While some may see it as a sacrilege to ditch the factory TVS1900 supercharger, it is a necessary evil in making some serious power, making cool sounds and really pushing the envelope. After all, the ZL1 is a great starting point for a turbo build when you think about it. And though the engine combo is completely off the map, the owner was quite intent on keeping the stock converter and 6L90E transmission so as not to give up any street manners. Save for the turbo kit and intake manifold, this is going to be a stock car with a whole lot more gusto. Maybe this is how GM should have built it in the first place.

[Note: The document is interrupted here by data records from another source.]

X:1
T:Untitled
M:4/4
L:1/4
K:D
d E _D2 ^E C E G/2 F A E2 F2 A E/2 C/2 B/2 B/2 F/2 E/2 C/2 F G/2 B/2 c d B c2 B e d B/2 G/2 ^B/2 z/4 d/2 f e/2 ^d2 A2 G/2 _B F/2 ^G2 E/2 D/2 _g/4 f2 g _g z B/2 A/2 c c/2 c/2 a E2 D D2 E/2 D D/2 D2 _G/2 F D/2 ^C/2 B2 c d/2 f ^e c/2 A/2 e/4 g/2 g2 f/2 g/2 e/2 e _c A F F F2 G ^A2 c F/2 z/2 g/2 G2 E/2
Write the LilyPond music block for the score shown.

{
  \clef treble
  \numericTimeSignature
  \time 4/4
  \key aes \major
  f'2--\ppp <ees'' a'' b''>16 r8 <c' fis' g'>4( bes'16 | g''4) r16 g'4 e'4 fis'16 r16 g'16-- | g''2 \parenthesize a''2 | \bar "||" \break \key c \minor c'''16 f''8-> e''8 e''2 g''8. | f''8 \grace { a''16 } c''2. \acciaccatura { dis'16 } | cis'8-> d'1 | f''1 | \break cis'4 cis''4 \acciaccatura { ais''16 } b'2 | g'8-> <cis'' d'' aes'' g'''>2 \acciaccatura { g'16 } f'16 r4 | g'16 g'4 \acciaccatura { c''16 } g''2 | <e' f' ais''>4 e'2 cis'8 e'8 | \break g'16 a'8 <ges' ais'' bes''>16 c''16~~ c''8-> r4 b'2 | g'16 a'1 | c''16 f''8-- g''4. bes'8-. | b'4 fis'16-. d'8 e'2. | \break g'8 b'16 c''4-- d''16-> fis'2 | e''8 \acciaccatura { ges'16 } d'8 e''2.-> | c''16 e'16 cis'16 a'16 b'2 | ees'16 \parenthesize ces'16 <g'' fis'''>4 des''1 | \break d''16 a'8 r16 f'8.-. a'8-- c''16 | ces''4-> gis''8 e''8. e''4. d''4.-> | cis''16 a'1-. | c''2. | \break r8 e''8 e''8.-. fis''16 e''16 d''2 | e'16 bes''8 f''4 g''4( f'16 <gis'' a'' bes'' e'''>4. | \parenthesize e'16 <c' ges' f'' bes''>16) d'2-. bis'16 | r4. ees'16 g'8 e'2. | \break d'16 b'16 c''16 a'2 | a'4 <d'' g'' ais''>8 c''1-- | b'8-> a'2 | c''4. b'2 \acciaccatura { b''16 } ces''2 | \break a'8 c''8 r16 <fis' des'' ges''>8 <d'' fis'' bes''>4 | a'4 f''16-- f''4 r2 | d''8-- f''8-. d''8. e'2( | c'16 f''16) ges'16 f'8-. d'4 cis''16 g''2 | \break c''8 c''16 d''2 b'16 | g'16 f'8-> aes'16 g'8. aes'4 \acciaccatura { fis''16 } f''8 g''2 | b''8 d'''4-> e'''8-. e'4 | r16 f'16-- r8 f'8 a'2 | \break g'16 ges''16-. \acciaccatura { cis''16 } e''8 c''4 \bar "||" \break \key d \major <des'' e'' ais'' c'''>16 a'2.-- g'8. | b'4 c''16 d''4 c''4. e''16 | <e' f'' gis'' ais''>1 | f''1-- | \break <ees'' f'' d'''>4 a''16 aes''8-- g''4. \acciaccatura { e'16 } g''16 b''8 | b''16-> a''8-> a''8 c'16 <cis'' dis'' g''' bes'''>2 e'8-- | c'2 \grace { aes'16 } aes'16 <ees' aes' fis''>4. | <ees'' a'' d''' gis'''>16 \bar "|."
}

After master tech Jay Healy completed the install of the IPS twin-turbo system, Howard Tanner got to work on Redline's Land & Sea chassis dyno by dialing in a custom engine calibration. Since the twin snails would be moving considerably more air, Redline would need to compensate by adding larger injectors – Injector Dynamics 850cc units to be specific. In addition, the significantly different inlet required new MAF tables, and some other alterations needed to be made for relocated sensors such as the second IAT sensor (normally inside the blower). Howard also remarked that the spark tables are considerably different with the turbo setup because additional spark advance is needed in the lower RPM to help spool the turbos, though the overall timing was significantly lower because of the enhanced airflow. The relatively flat power curves (after full boost) indicate that the exhaust housings on the turbos were well sized, and there is still some room to grow. Though at 646-rwhp and 653 lb-ft of torque the turbocharged ZL1 is already a huge leap ahead of its stock counterparts, it is good to know that its potential far exceeds that of the factory blower. Some ZL1 faithful may criticize this choice, but they'll be too far in the rearview to hear.